Photo credit: Spring Creek by  photogramma1, CC

Conservative property rights groups and conservation organizations have become involved in the bitter, eight-year legal fight over access to Montana streams from bridges.

Two conservative groups – the United Property Owners of Montana and the Political Economy Research Center – have filed friend-of-the-court briefs in the case between a sportsmen’s group and Madison County. In addition, Montana Trout Unlimited has entered the fray on the other side to support the Public Lands Access Association in the case.

The lawsuit, originally filed in 2004, was against the county over access to the Ruby River, near Sheridan, from a bridge on the property of James Cox Kennedy, a billionaire media heir. The case prompted the passage of a law by the Legislature that guaranteed bridge access from established county roads, but this year a Madison County district judge ruled that access for recreational use is not guaranteed on roads established by a historic use through a prescriptive easement.

Bruce Farling, Montana Trout Unlimited executive director, said the case has become the latest in a series of attempts to overturn the state’s stream access law. That law guarantees anglers and recreationists the right to access public waters by staying within the ordinary high water mark of rivers and streams.

“They want to wreck the stream access law to keep people off of three bridges,” he said. “It could have some pretty big implications around the state.”

But Reed Watson, a Political Economy Research Center research fellow and applied programs director, said his group filed the brief as a statement that allowing public access to all waters can harm a fishery. That was at issue in the Mitchell Slough case, where rock star Huey Lewis had made major habitat improvements on a side channel of the Bitterroot River – before the Montana Supreme Court ultimately ruled the public had access to the waterway after a legal fight with sportsmen.

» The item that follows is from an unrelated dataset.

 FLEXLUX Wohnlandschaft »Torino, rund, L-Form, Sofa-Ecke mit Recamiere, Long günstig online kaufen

“In some instances, private ownership leads to good stewardship of environmental resources,” he said. “In many cases, such as the Mitchell, there were measurable, definite public benefits that flowed out of the private land and into the public river – the Bitterroot River.”

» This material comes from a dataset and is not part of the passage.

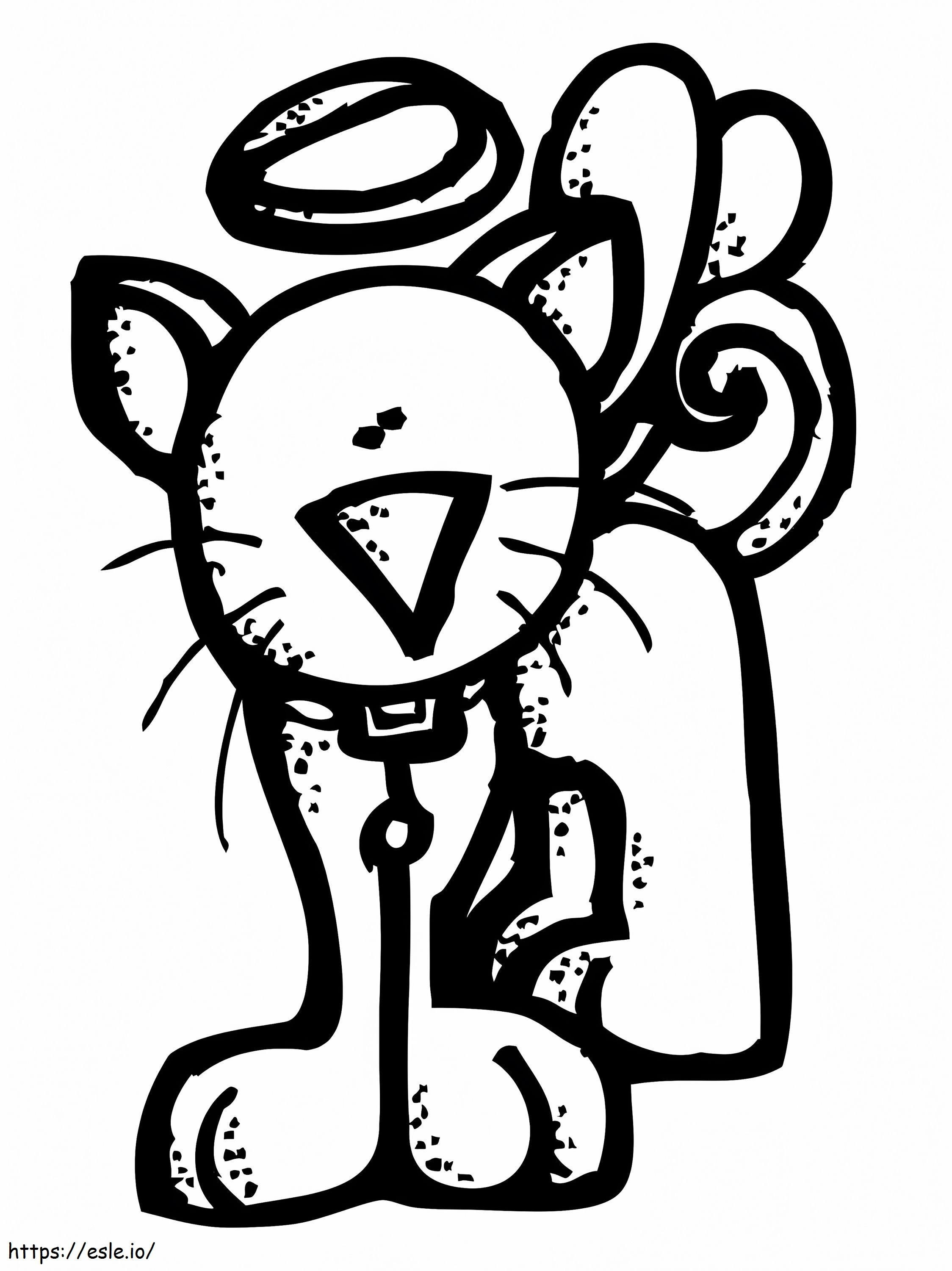 Kitty Melonheadz coloring page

Watson added that the slough is a spawning ground for trout and anglers can step on the eggs. And he said that as public access to water is continually expanded, it takes away the incentive for private landowners to make improvements.

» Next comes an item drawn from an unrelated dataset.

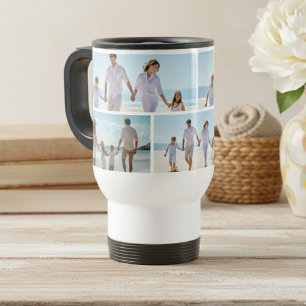 Custom Photo Collage Travel Mug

“Having public access to a lot of water is not driving the fact that there’s a lot of good fishing,” he said.

Margot Ogburn, a Bozeman lawyer representing the United Property Owners of Montana, said her client filed its brief because it wants to protect property owners’ rights in Montana.

“We were just asking the Supreme Court to affirm the district court’s most recent decision,” she said.

Farling, however, disputed the assertion from Watson that private ownership of waters is a recipe for better habitat. He said Montana has the most liberal stream access law in the nation and the best trout fishing and that’s because when the public has a stake – it cares for the resource.

Matt Clifford, a lawyer who filed the brief for Trout Unlimited, said the case and how it could affect the stream access law also could have implications for Montana’s trout fishing industry.

“We’ve got a huge recreational fishing industry that’s established here that’s built up around stream access,” he said. “This is just the latest challenge and we certainly hope this puts it to bed once and for all.”